Un mes después, decidí que mi "cáncer" había entrado en una remisión milagrosa e inexplicable. Hice que Javier me llevara a casa.
Entramos y encontramos a Carlos en la sala, hablando por teléfono. Me vio y su rostro pasó de la sorpresa al puro y absoluto horror.
-¿Qué haces aquí? -tartamudeó, terminando rápidamente su llamada-. Te... te ves...
-¿Mejor? -terminé por él-. Sí. Los médicos lo llaman un milagro.
Me miró fijamente, con los ojos muy abiertos por la incredulidad y un destello de algo más: decepción. Estaba decepcionado de que no estuviera muerta.
Javier puso una mano de apoyo en mi brazo, pero la aparté. Caminé hacia mi esposo, con pasos lentos y firmes.
La rabia que había estado reprimiendo durante meses finalmente estalló. Las lágrimas corrían por mi rostro mientras levantaba la mano y lo abofeteaba, con fuerza, en la cara. El sonido resonó en la habitación silenciosa.
-Estás decepcionado, ¿verdad? -grité, mi voz cruda de dolor-. ¡Esperabas que simplemente me muriera y te facilitara las cosas!
El dolor en mi pecho estalló, una agonía real y física.
-¡Estuve en el hospital! ¡Mi corazón falló! ¿Y dónde estabas tú? ¡Estabas con ella! ¡Comprándole coches y anillos mientras yo luchaba por mi vida!
Cada palabra era un fragmento de vidrio rasgando mi garganta. Mi corazón estaba verdaderamente roto, aunque el cáncer fuera una mentira. Este dolor era real.
Intentó alcanzarme, su expresión una torpe mezcla de conmoción y culpa.
-Helena, yo... no lo sabía.
Era una excusa patética y cobarde.
Agarré la manga de su costoso suéter de cachemira, aferrándome a él como una mujer que se ahoga.
-Quiero una última cosa, Carlos.
Estaba actuando, pero la desesperación en mi voz era real.
-Diez días -rogué-. Solo diez días. Llévame a la casa de campo. Tengamos un último recuerdo en el lugar donde fuimos felices. Después de diez días, firmaré los papeles del divorcio. Me iré y nunca más me volverás a ver.
Me miró, a mi rostro surcado de lágrimas. Pensó que yo era una mujer moribunda, aferrándome a un último hilo de esperanza. Pensó que mi condición cardíaca acabaría conmigo pronto. Su lástima, su arrogancia, lo hicieron aceptar.

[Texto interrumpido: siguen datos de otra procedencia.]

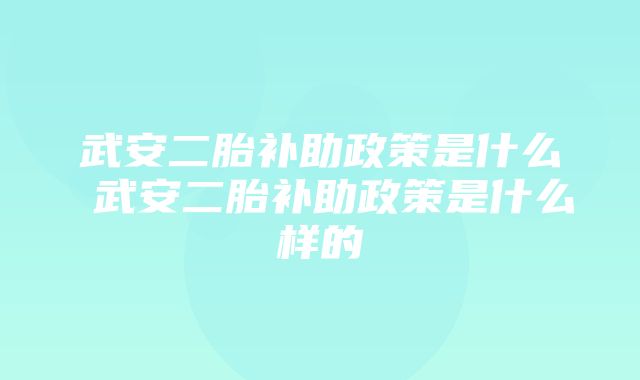 武安二胎补助政策是什么 武安二胎补助政策是什么样的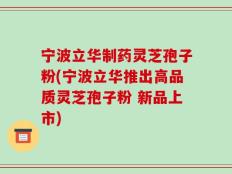 宁波立华制药灵芝孢子粉(宁波立华推出高品质灵芝孢子粉 新品上市)
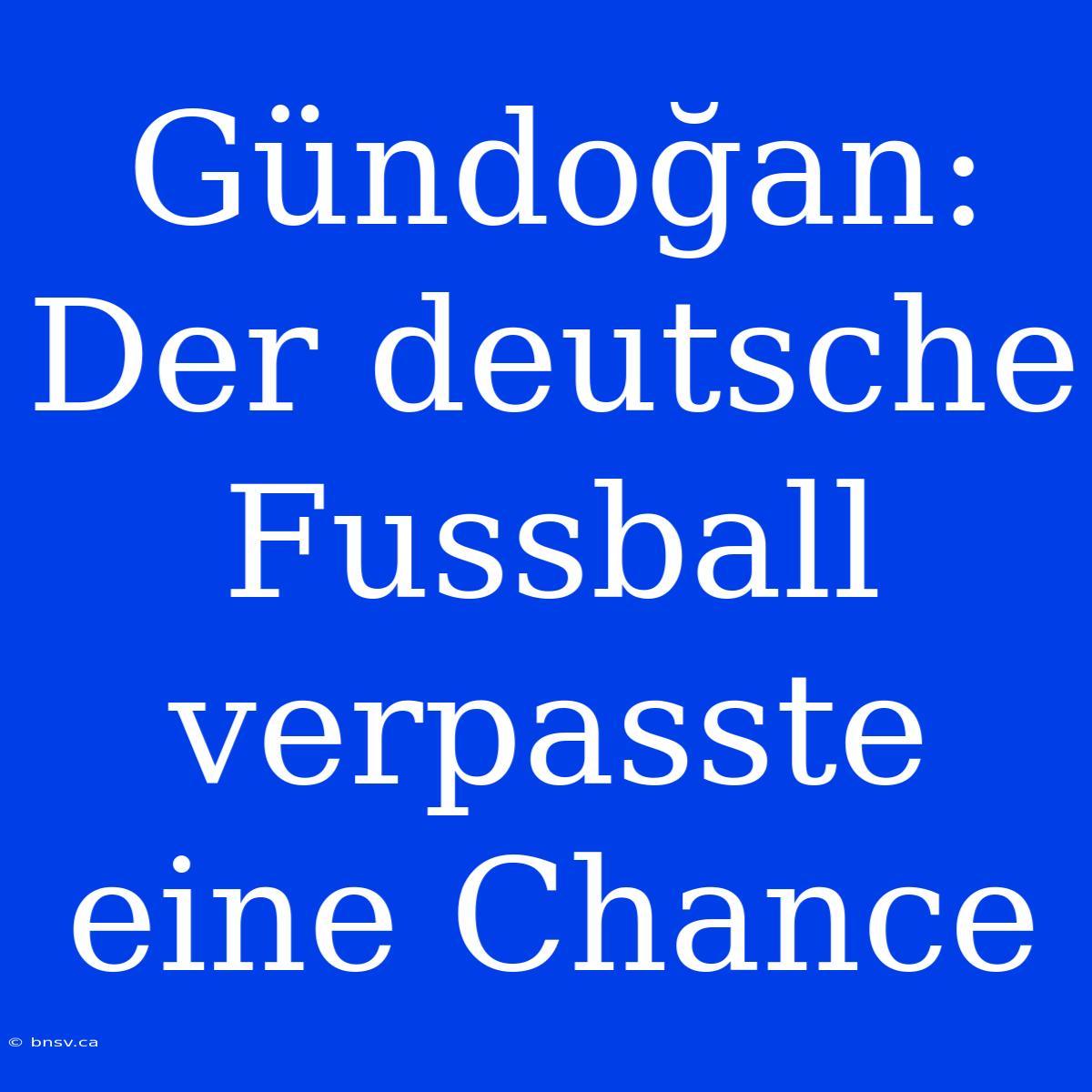 Gündoğan: Der Deutsche Fussball Verpasste Eine Chance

-Está bien, Helena -dijo, su voz suave con condescendencia-. Diez días.
Clavé las uñas en mi propia palma, el dolor agudo me ancló a la realidad. Él no sabía la verdadera razón por la que quería esos diez días.
Cuando nos casamos, le hice una promesa. "Sé que los hombres en tu posición enfrentan tentaciones", le había dicho. "Te permitiré tres errores. La primera vez, te perdonaré. La segunda vez, te daré la oportunidad de arreglarlo. Pero la tercera vez, Carlos, te destruiré".
Su aventura fue el primer error. Había intentado perdonarlo. Mi falsa enfermedad fue la segunda oportunidad, mi intento desesperado de hacer que arreglara lo que había roto.
Esta era su tercera y última oportunidad. Sinceramente, esperaba que la tomara.